Needless to say, after the man and woman kept on, I was Mardi Gras out! I was ready to leave that parade, before the guy really started to fight! So, we headed home!

Now remember, we had walked about 8 blocks to get there. So, you can imagine that my mom was NOT ready to enjoy the nice walk home. She had continuously begged us to go get our cars so she would't have to walk back. Well, no one was going to drive in a circular pattern over and over to get a car there. COME ON....THEY BLOCK ALL THE ROADS OFF!! So, we walked home hearing the same stuff all over again. FUN FUN...I hope she doesn't read my blog lol!

My days of camping out is over, we go for the kids, but you can forget sleeping there to save a spot. On the other hand, my 16 year old daughter is a major campee!!! I don't think she missed one parade, and that is A LOT OF PARADES!

She also paid $160.00 for the Endymion Extravaganza, and her boyfriend did NOT have his thinking cap on when they were supposed to go get his tux....NOPE..he was smart enough to wait until the day before their BIG NIGHT OUT...So, guess what? He paid $300.00 to OWN his tux....YEP he now OWNS a tux that he will probably outgrow before he uses it again!!!

In case you do not know what this is....When the HUGE FAMOUS parade is done with their route, they stroll into the Superdome....this is why you PAY to see it...Now, you have to wear a formal to this and you have to PAY to see the SAME EXACT parade that is on the street, where of course, people have slept there to see. But hey, you don't have to sleep on the street and you are guaranteed a spot!

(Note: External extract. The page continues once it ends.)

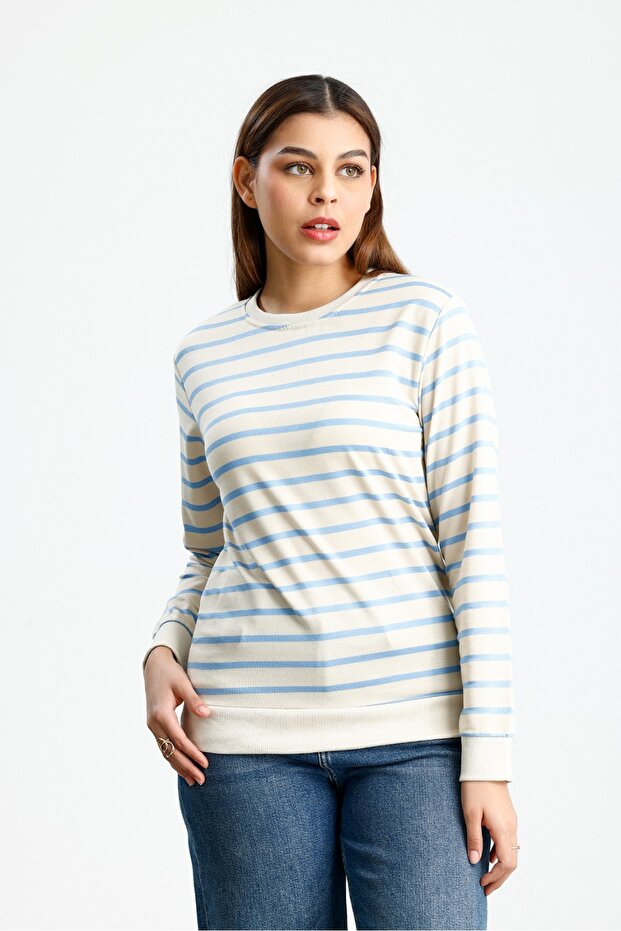 سترة رياضية أساسية ذات ياقة دائرية - 6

The funny thing is, the ticket ONLY PAYS FOR YOU TO GET IN! You buy or should I say BRING all your alcohol, any drinks or food, and anything else you may need. Such as tennis shoes, because you get there at 5 PM and you start seeing the parade at 11 PM....THAT'S RIGHT! ANDDDDD...you even get a great bathroom with NO TOILET PAPER...AKA A PORTOLET!!! YEP.......IN YOUR BEAUTIFUL FORMAL DRESS YOU GET TO USE A PORTOLET!!! You can just about imagine by now that yes, your dress will be ruined by the end of the night! Unless you have an amazing Dry Cleaner!

So....that teaches you what?? IF you indeed ever go to the EXTRAVAGANZA....wear a dress you no longer need, get fitted for a tux AHEAD of time, bring you some toilet paper if you want to use that nasty portolet, and bring some tennis shoes!!

More on Mardi Gras DAY and my daughter's Mardi Gras in a few!! I woke up to my 3 year old crying with croop and my husband had been taking care of her all night! I was out like a light before 5 PM. Thank God for a good husband.

Now, my 2 year old woke up and decided he wants cereal...no he wants a donut stick...ok get that...nope he wants an oatmeal pie...ok fine...then he cries saying he doesn't want that, OK WHAT DO YOU WANT????? He then takes the oatmeal pie and sqeezes it in his hands....then cries it is broken......OK??? YOU SQUISHED IT...THAT IS WHY IT BROKE!!! I think it is time for him to go back to bed!!!!!